Sepanjang Januari-September 2025, Grup Astra mencatat penjualan 243 triliun, turun tipis 1 persen dari periode yang sama tahun lalu sebelumnya sebesar Rp246 triliun.
Penurunan pendapatan tersebut juga diikuti laba perseroan. Laba bersih Grup Astra, tidak termasuk penyesuaian nilai wajar atas investasi di GoTo dan Hermina, tercatat Rp24,7 triliun, 6 persen lebih rendah dibandingkan periode yang sama 2024. Jika memperhitungkan penyesuaian nilai wajar tersebut, maka laba bersih Grup menurun 5,3 persen menjadi Rp24,5 triliun.
Djony Bunarto Tjondro, Presiden Direktur Astra International mengatakan, penurunan kontribusi dari bisnis jasa penambangan dan pertambangan batu bara menjadi salah satu penyebab di balik penurunan laba perseroan.

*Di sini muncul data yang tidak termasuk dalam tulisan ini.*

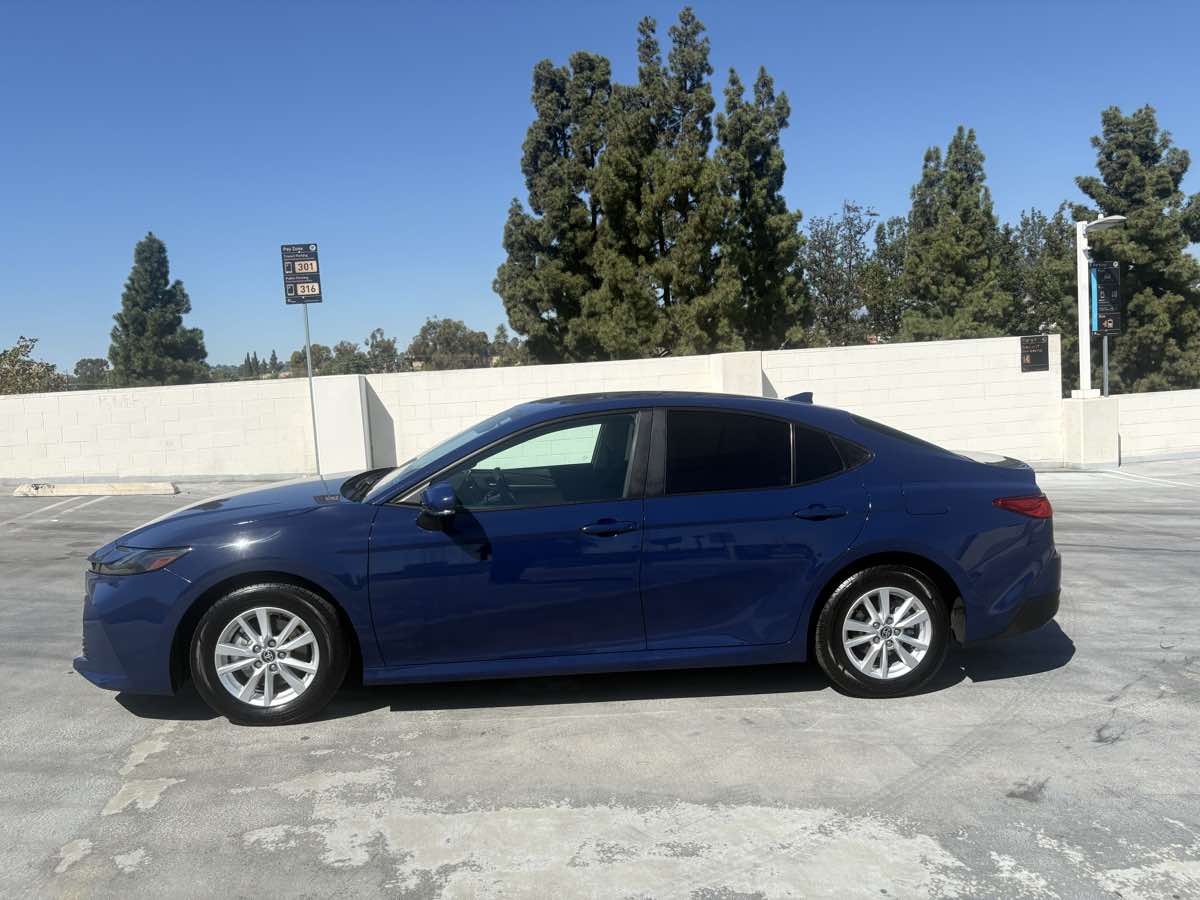 Toyota Camry photo 9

Meski begitu, penurunan ini sebagian diimbangi oleh kinerja yang lebih baik dari bisnis pertambangan emas, jasa keuangan, agribisnis dan infrastruktur, sementara kinerja otomotif secara umum stabil.
“Laba Grup selama sembilan bulan pertama tahun 2025 mengalami penurunan terutama disebabkan harga batu bara yang lebih rendah. Kontribusi yang solid dari bisnis-bisnis lainnya turut mendukung resiliensi kinerja Grup, dan kami perkirakan kinerja tahun 2025 masih akan sejalan dengan tren kinerja Grup saat ini” kata Djony dalam keterangan resmi, Senin (3/11).
Di samping itu, nilai aset bersih per saham pada 30 September 2025 naik sebesar 6% menjadi Rp5.609. Kas bersih, tidak termasuk anak perusahaan Jasa Keuangan Grup, mencapai Rp13,4 triliun pada 30 September 2025, meningkat dibandingkan Rp8,0 triliun pada 31 Desember 2024.
Utang bersih anak perusahaan Jasa Keuangan Grup mencapai Rp64,6 triliun pada 30 September 2025, meningkat dibandingkan Rp60,2 triliun pada 31 Desember 2024.
Astra dan United Tractors, masing-masing, mengumumkan pelaksanaan program pembelian kembali saham (share buyback) dengan nilai maksimum Rp2 triliun, mencerminkan keyakinan manajemen terhadap prospek perusahaan dan kemampuan perusahaan dalam menghasilkan arus kas yang berkelanjutan, selain menduking stabilitas pasar modal
“Kami tetap fokus untuk menjaga disiplin keuangan dan keunggulan operasional, serta memanfaatkan kekuatan neraca keuangan kami untuk menangkap peluang pertumbuhan dan meningkatkan nilai bagi pemegang saham,” katanya.